--- Exercise ---
The answer must consist only of the lines in the records below from the line with "Peanuts isolated on white" to the line with "Black Dining Option, Rectangular, Stable", both included, copied word for word with every picture left out.

--- Provided material ---
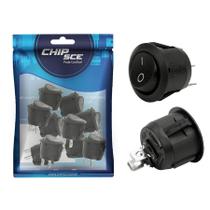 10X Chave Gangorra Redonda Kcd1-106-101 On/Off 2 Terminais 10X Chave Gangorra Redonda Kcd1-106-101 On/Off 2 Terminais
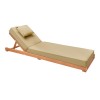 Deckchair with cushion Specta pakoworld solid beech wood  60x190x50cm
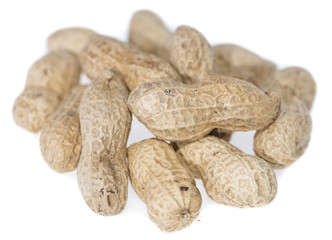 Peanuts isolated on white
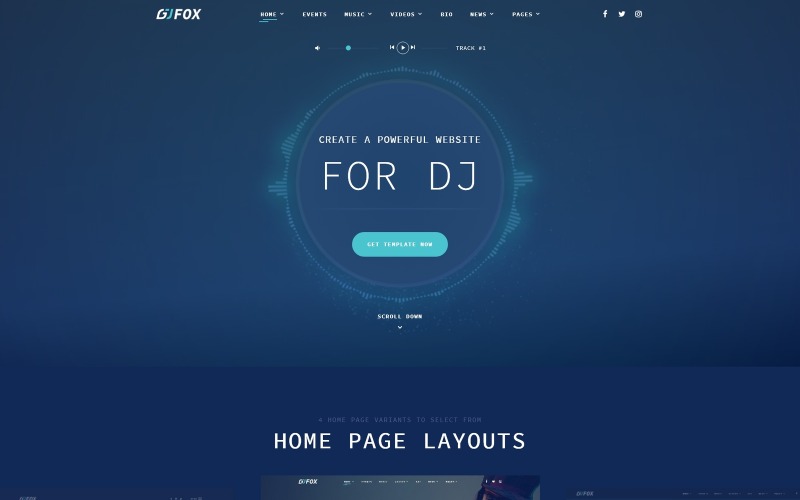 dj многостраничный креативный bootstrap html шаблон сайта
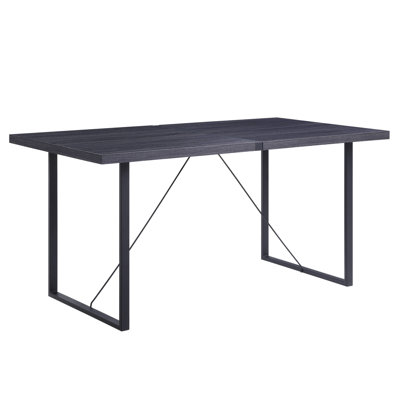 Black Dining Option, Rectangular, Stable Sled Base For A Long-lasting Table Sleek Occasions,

* * *

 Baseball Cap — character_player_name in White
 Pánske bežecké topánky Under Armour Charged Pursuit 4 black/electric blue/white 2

--- Solution for this exercise ---
 Peanuts isolated on white
 dj многостраничный креативный bootstrap html шаблон сайта
 Black Dining Option, Rectangular, Stable Sled Base For A Long-lasting Table Sleek Occasions,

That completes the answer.